Mid-Range stations usually combine rain gauge and temperature sensor (as well as all other sensors) in one outdoor unit. To avoid false temperature readings they usually use a special housing around the temperature sensor designed to minimize the influence of direct sunlight and/or using a small fan inside the outdoor unit that circulates the air around the temperature sensor. While this does help to minimize false readings, the separate sensor placement is still the best way to consistently get the most accurate readings.

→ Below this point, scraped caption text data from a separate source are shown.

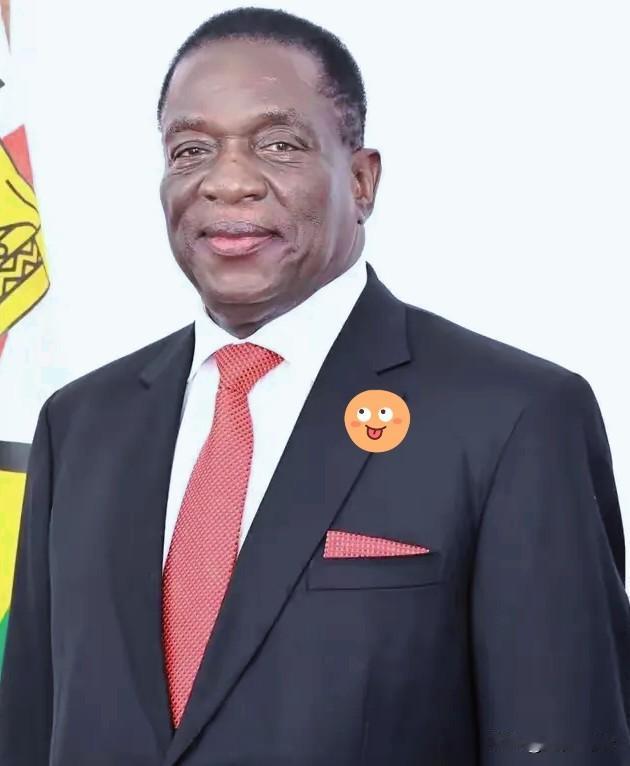 前脚巴拿马不顾中方反对，强行接管了巴拿马港口，后脚津巴布韦突然宣布暂停锂矿出口。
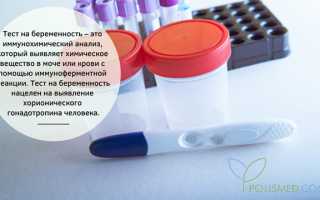 Тест на беременность: как он работает и когда делать, виды и советы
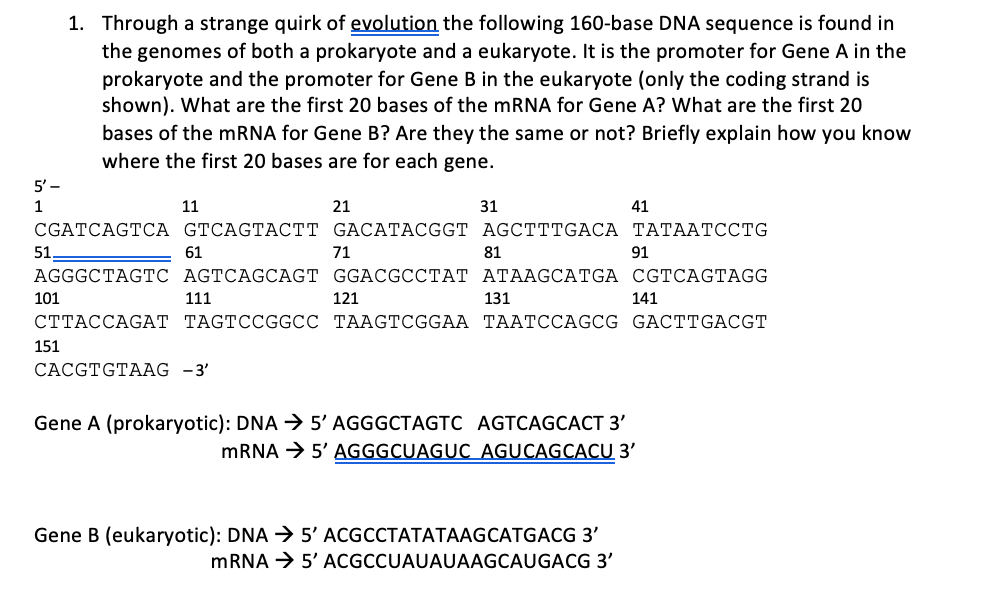 Solved 1. Through a strange quirk of evolution the following | Chegg.com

Frequently Asked Questions about Weather Stations

While most weather stations claim the range up to 300 feet, this is usually a line-of-sight range in perfect weather conditions. In most cases the effective range will be around a third of that, i.e. about 100 feet. The less obstacles you have between the outside and indoor unit, the better the connection will be. Metal constructions, ground and thick walls are the signal’s worst enemy.
Outside sensors are designed to withstand the low temperatures. Most batteries, on the other hand, are not. If it does get cold where you live (-4ºF/-20ºC), consider swapping the alkaline batteries for lithium ones, which are much better at coping with the low temps.
If you only have a temperature/humidity sensor, make sure:

  • it’s not in the direct sunlight
  • it’s located away from the heat sources – roof, chimneys, pavements, asphalt, air cons, etc.
  • it’s at least 5 feet away from the grass
  • if you absolutely have to install the unit in the direct sunlight, consider using the radiation shield. It will help offset the heat

If you have a 5-in-1 (or similar) type of sensor that includes rain gauge and anemometer:

  • install it away from the heat (see above) and humidity sources (pools, spas, etc.). Also, make sure there are no sprinkler heads right next to the unit
  • make sure there are no obstructions above the sensor (for accurate rainfall measurements) and as little obstructions as possible around the sensor (for accurate wind speed and direction measurements)
  • install the sensors as high as possible for more accurate wind measurements (the gold standard is 33 feet, but that’s not plausible for most installations). At least 5 feet is required, try to go for 10-11 feet, if possible
  • if your unit comes with solar panels, make sure they are facing South to ensure they get the most sunlight (North for those living in the Southern hemisphere)
Yes, many weather stations will allow you to connect multiple sensors. This is useful when you want to track temperature and humidity in several rooms of your house or have several sensors installed outside. The display will either have a button to switch between different sensors or will show the data from all the sensors at he same time.
Weather forecasts are created based on the number of metrics collected by specialized reporting agencies. While your personal weather station is likely much less complicated than the ones used at those agencies, it has one distinct advantage – it’s right there in your backyard.
Most forecasts are based on the barometric pressure. Put simply, if the pressure goes down, the weather will likely worsen. Sudden drop in barometric pressure usually means a storm is coming.
Air pressure going up, on the other hand, usually means the weather will get better.
While professional weather stations will also use the temperature, humidity, wind speed and rainfall measurements when predicting the weather, the barometric pressure alone is the most popular (and pretty good) indicator of where the weather is going in the next few hours.
Lightning strikes can be unpredictable, so it’s always better to err on the side of caution. Using the wireless station (where the data from the outside sensor is sent to the indoor unit via RF, instead of a cable) and grounding the pole is a good idea to minimize the risk.

Our Top Picks

Now that you know what to look for when choosing a weather station, here are our top choices. Since everyone’s requirements and budgets are different, we have compiled different lists – for Basic, Mid-Range and Professional personal weather stations, as well as our separate picks for the portable and super-simple ones.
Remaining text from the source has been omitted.